Beethoven's powerful appeal to generations of music lovers can be summed up in one word: emotion. His music is not nearly as concerned with formal beauty or the expression of abstract ideas as it is with the direct, powerful, and frequently painful communication of urgent personal feeling. Where Bach's music looks up, and Mozart's outward, Beethoven's almost always looks inward to what was important to him, what emanated from his heart and soul. This is part of what makes Beethoven the single greatest paradigm shift in the history of music. In his music, for the first time, subjectivity and self-expression are established at the center of the artistic enterprise.
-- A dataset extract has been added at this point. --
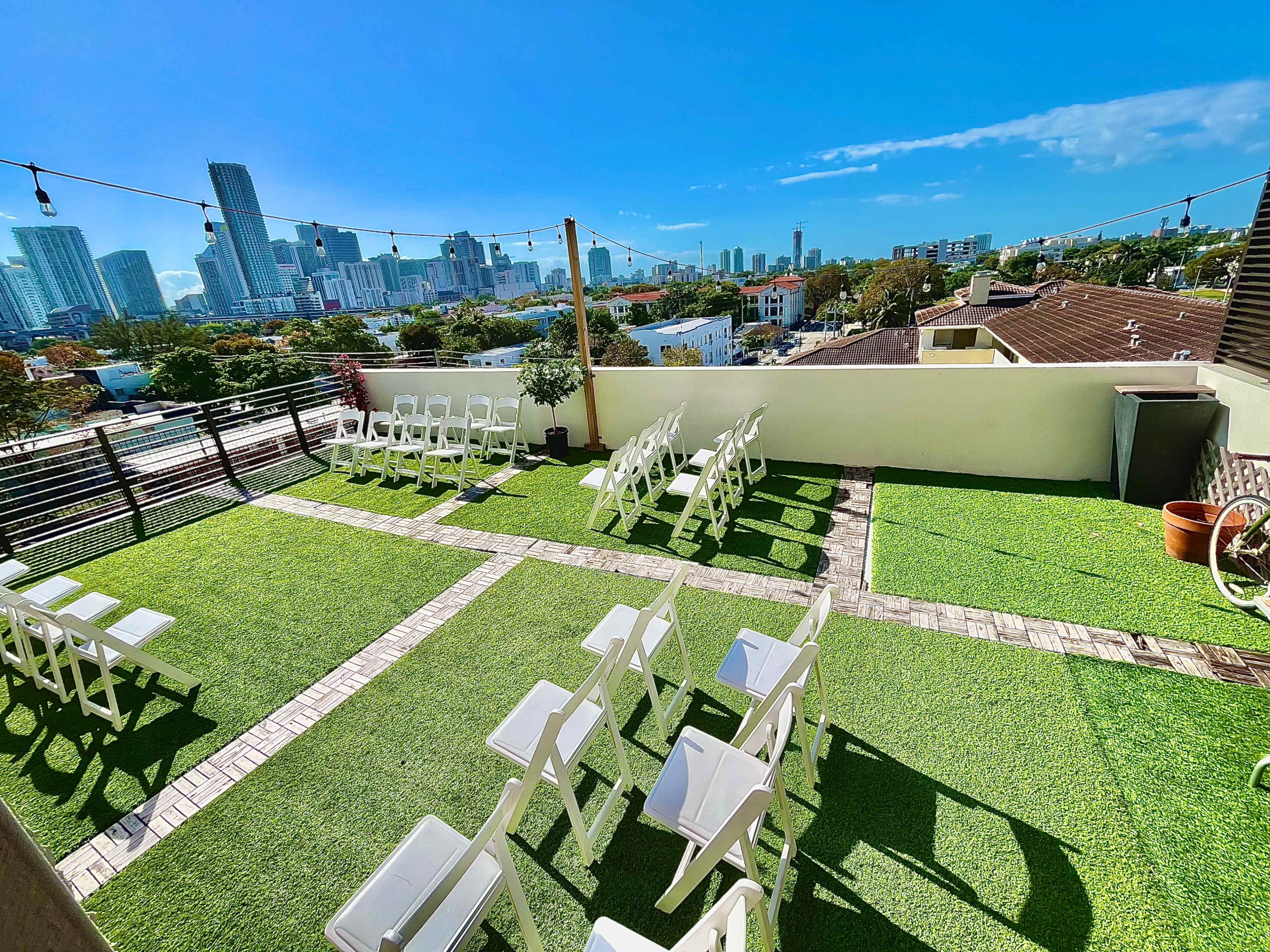 The image shows a rooftop venue set up with white chairs arranged for a ceremony, overlooking a city skyline.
Beethoven's music is festive, grand, dramatic, uplifting. But quite often it can be subversive, as well. In some of his most important pieces, the notion of etiquette--that art should adhere to norms of fashion and taste--is not merely undermined but openly attacked and overthrown. Classical rhetoric, which served as a gyroscope for Haydn and Mozart, is knocked off its axis time and again, though never completely ignored, while the confines of 18th-century form are broken wide open. Most impressive of all, perhaps, especially from a composer who was deaf, the sheer power of sound is unleashed for the first time.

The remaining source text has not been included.